--- DATA RECORDS ---

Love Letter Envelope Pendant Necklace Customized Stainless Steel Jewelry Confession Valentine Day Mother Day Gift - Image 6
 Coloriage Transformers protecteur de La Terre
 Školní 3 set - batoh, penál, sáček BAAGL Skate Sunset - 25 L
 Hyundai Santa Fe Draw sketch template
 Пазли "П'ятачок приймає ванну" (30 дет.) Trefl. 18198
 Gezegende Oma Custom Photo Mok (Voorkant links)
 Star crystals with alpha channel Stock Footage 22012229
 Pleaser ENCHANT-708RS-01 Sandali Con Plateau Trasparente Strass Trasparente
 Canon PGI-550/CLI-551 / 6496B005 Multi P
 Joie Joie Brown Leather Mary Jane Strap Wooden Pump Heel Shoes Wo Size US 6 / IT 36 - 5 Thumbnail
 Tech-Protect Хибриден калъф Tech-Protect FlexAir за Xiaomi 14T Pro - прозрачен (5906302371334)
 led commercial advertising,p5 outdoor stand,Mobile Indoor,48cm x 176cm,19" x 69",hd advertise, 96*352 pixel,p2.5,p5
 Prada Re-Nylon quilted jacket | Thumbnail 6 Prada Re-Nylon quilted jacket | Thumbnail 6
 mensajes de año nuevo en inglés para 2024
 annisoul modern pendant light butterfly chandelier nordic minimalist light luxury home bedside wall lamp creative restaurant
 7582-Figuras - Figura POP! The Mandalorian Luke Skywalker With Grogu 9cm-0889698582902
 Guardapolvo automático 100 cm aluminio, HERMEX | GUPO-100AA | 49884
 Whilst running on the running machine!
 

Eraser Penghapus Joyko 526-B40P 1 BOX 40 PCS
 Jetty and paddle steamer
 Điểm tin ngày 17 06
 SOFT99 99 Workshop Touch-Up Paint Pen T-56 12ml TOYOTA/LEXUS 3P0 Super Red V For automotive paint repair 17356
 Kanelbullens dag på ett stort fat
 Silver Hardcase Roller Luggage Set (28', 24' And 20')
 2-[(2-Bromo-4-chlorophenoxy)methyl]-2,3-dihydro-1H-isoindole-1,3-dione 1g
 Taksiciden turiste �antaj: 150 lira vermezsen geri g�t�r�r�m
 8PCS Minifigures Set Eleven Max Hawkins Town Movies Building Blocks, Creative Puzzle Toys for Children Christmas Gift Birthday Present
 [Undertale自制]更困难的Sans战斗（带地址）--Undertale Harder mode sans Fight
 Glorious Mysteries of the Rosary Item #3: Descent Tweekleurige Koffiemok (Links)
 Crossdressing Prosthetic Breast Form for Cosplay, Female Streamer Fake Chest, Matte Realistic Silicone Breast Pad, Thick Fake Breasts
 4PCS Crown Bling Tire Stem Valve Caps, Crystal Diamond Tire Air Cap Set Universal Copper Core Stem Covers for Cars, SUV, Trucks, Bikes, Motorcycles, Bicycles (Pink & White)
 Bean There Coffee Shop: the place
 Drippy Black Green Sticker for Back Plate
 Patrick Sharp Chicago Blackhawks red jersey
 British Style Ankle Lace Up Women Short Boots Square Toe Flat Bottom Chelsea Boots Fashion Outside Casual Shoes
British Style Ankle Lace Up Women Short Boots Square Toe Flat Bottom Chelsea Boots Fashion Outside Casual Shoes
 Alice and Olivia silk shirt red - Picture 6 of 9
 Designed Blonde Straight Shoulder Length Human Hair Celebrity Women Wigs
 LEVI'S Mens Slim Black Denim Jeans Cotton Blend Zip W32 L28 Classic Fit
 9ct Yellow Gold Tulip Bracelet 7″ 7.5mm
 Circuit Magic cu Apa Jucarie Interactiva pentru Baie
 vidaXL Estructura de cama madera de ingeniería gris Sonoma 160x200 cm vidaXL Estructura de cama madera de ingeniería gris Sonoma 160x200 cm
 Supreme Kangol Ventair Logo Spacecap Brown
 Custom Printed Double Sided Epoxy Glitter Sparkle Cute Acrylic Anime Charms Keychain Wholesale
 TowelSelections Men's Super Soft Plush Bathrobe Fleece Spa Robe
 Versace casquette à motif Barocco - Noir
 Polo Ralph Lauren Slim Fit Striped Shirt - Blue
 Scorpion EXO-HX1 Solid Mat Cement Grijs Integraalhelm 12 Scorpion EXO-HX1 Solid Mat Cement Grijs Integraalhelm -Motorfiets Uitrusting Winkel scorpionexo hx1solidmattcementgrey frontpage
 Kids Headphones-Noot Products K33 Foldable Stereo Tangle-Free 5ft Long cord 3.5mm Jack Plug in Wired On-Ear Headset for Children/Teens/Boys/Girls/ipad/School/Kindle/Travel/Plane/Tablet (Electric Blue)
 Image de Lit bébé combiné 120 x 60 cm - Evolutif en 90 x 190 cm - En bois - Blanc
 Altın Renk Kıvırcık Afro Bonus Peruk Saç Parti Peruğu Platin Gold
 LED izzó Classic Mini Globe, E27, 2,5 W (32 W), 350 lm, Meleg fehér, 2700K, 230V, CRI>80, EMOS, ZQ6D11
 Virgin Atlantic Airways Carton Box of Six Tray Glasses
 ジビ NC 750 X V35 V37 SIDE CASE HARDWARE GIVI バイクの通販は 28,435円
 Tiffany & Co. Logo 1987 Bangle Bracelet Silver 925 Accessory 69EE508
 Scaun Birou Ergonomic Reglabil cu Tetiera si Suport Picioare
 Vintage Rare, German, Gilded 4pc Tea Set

--- TRY IT ---
Copy the lines above exactly, beginning at the line that has "Image de Lit" and stopping after the line that has "LED izzó Classic", and omit the rest.

--- THE COMPLETED TASK ---
 Image de Lit bébé combiné 120 x 60 cm - Evolutif en 90 x 190 cm - En bois - Blanc
 Altın Renk Kıvırcık Afro Bonus Peruk Saç Parti Peruğu Platin Gold
 LED izzó Classic Mini Globe, E27, 2,5 W (32 W), 350 lm, Meleg fehér, 2700K, 230V, CRI>80, EMOS, ZQ6D11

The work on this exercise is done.